I've purchased a house and have a concrete driveway.  What experiences have people had? 
Any particular Australian driveway products they have found to be good?  Any links? 
I have to repair some cracks.  Im well aware they'll probably raise their ugly head later but will probably be ripped up in a few years.  Any particular products people have used to repair cracks that have some expandable or movement qualities?  
Anyone added products.  I know there's some products tilers add to produce flexible mortar, as flexible as it can be. 
Any tips?

----------


## nww1969

Might be worth looking into what they use for re pointing a house roof.
It looks like cement motor mix but is actually flexible. 
Also If the crack is straightish you could cut the crack out with a cement saw.
Cut at each side of the crack and refill with cement and maybe place some smallish
pebbles on top to make an attraction , a bit like they do in modern bathroom reno's
with borders of pebbles on the floor.

----------


## glock40sw

G'day.
I have just painted my Garage, Driveway Pad and patio with berger Jet dry in a "Dune" Colour.
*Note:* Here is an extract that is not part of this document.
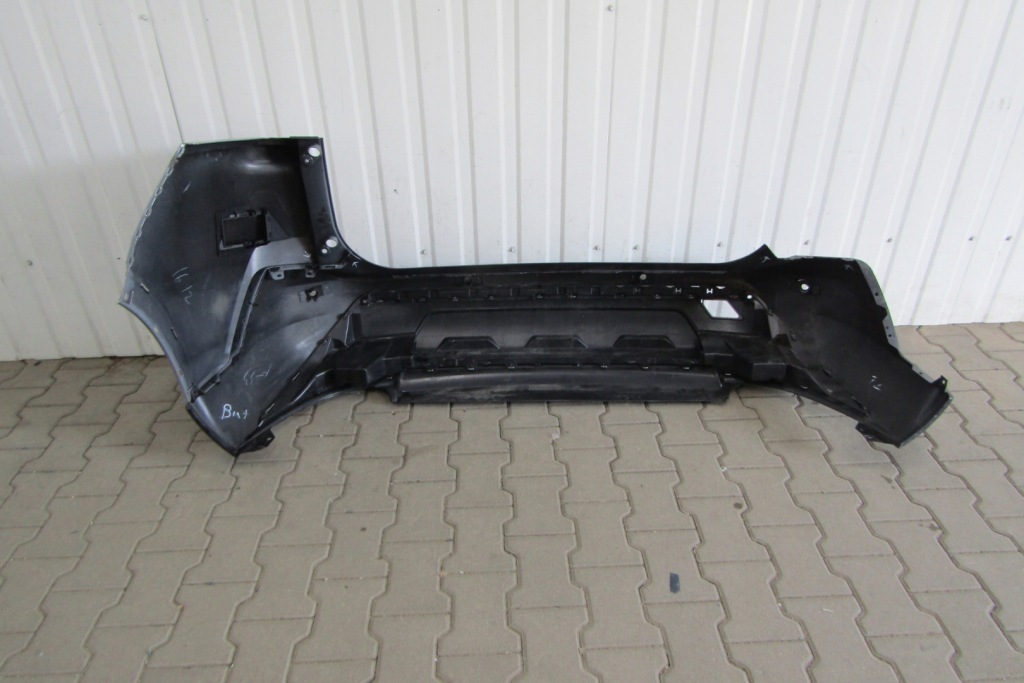 фото №8, Бампер задній задня nissan x trail iv t33 rogue 2022-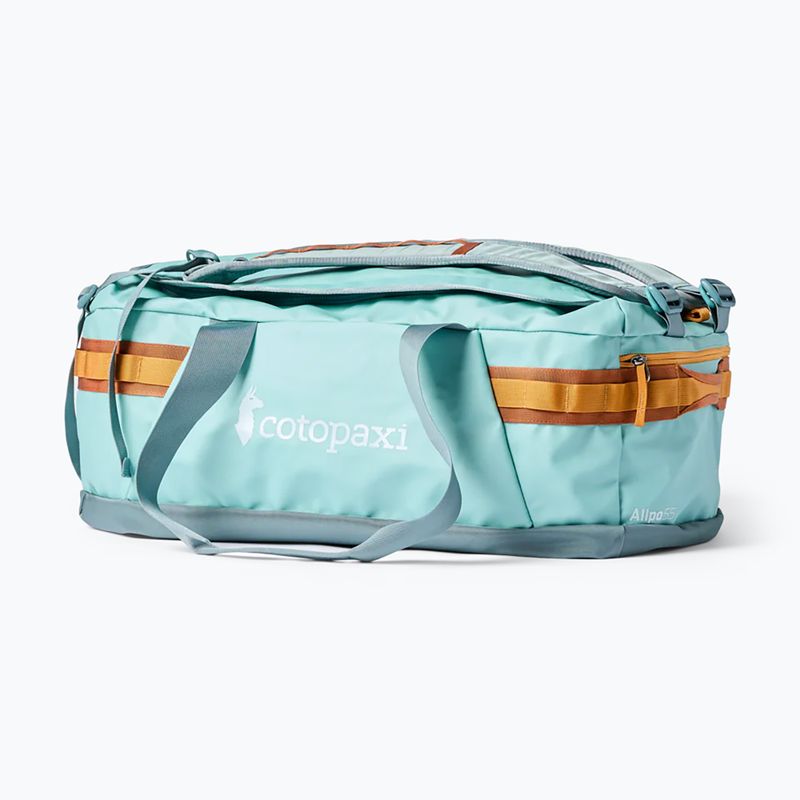 Geantă de călătorie Cotopaxi Allpa Duffel 55 l tide pool 2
This is fairly close to concrete colour.
Made a hell of a difference. I didn't drive on it for 7 days and now it is fine. No tyre marks or anything. 
4 litres is about $65. I did 2 coats on everything.

----------


## autogenous

Thanks for the tips boys 
Yeah the flexipoint normally for ridge pointing is a good idea.  I find it a little harder to work with but at least it will flex with some movement for a while.  _4 litres is about $65. I did 2 coats on everything_ 
How many square metres ball park Glock40SW ?

----------


## nww1969

> Thanks for the tips boys 
> Yeah the flexipoint normally for ridge pointing is a good idea.  I find it a little harder to work with but at least it will flex with some movement for a while.  _4 litres is about $65. I did 2 coats on everything_ 
> How many square metres ball park Glock40SW ?

  I don't know what area your from, but noticed nutech paints at Rydlemere Sydney was
selling off some old paving paint on Monday.

----------


## glock40sw

The can showed 10 to 12 M2 per litre. So it was very close to what I used.
I cut in with a brush and then rolled the rest with a deep lambs wood aplicator.

----------


## autogenous

Thanks for all your help. Im in Perth.  Any more contributions appreciated.

----------